Barnsley Metropolitan Borough Council (23 018 318)
The Ombudsman's final decision:
Summary: We are satisfied the Council was not party to a decision to end the complainant’s educational placement at a college. However, there was fault, because the Council drew an incorrect assumption about what she wished to do next. This caused some uncertainty and frustration, for which the Council has agreed to formally apologise. There is no evidence the Council has failed to properly use additional funding it has received to provide more local specialist educational placements.
The complaint
- I will refer to the complainant as Miss P. Miss P is represented in her complaint by her father, Mr L.

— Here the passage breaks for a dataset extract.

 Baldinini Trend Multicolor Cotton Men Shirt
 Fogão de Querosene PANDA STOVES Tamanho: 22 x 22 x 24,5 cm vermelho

- Mr L says Miss P’s college terminated her course unexpectedly at the end of the 2022/23 academic year. He complains this decision had been made a year earlier, and that the Council had been party to it, but had failed to inform him or Miss P, or take any steps to arrange a new placement. Mr L also complains there is no local facility which will take students with EHC plans up to the age of 25, despite the Council having received funding from the Government to improve the availability of SEND provision.
The Ombudsman’s role and powers
- We investigate complaints about ‘maladministration’ and ‘service failure’. In this statement, I have used the word fault to refer to these. We must also consider whether any fault has had an adverse impact on the person making the complaint. I refer to this as ‘injustice’. If there has been fault which has caused significant injustice, or that could cause injustice to others in the future we may suggest a remedy. (Local Government Act 1974, sections 26(1) and 26A(1), as amended)
How I considered this complaint
- I reviewed Mr L’s correspondence with the Council, Miss P’s education, health and care plan, review paperwork and other associated documents, and a chronology provided by the Council.
- I also shared a draft copy of this decision with each party for their comments.
What I found
- The following chronology will provide a summary of the key events relevant to this complaint. It is not intended to be exhaustive and will not include every detail of what happened.
- Miss P has physical and learning disabilities. She is subject to an education, health and care (EHC) plan.
- Miss P was attending a post-16 education course at a local college. In June 2022, following an annual review of her EHC plan, the college offered her a continued placement for the 2022/23 academic year, to enable her to develop her employability skills. The placement was a single year course, to be completed at the end of academic year.
- In April 2023 there was another review of Miss P’s EHC plan. At this point, the college confirmed it would not offer her a further placement. This was because she had completed her course, and the college did not consider it had any other suitable course to offer Miss P.
- The Council then proposed to cease Miss P’s EHC plan, on the basis it had served its purpose and could not achieve anything more. Mr L objected to this because he did not consider Miss P was ready for employment yet and needed to remain in education to the age of 25. In May, the Council agreed to maintain Miss P’s plan and began the process of drafting an amended version.
- In October Mr L submitted a stage 1 complaint to the Council. He said that Miss P had an ongoing EHC plan but currently had no educational placement to attend. He complained Miss P had had to leave her college, where she was settled and happy, for reasons she did not understand. He also complained there was no alternative local educational setting for Miss P and described this as disability discrimination on the Council’s part. He said he was now having to look outside of the Council’s area for a suitable placement for Miss P.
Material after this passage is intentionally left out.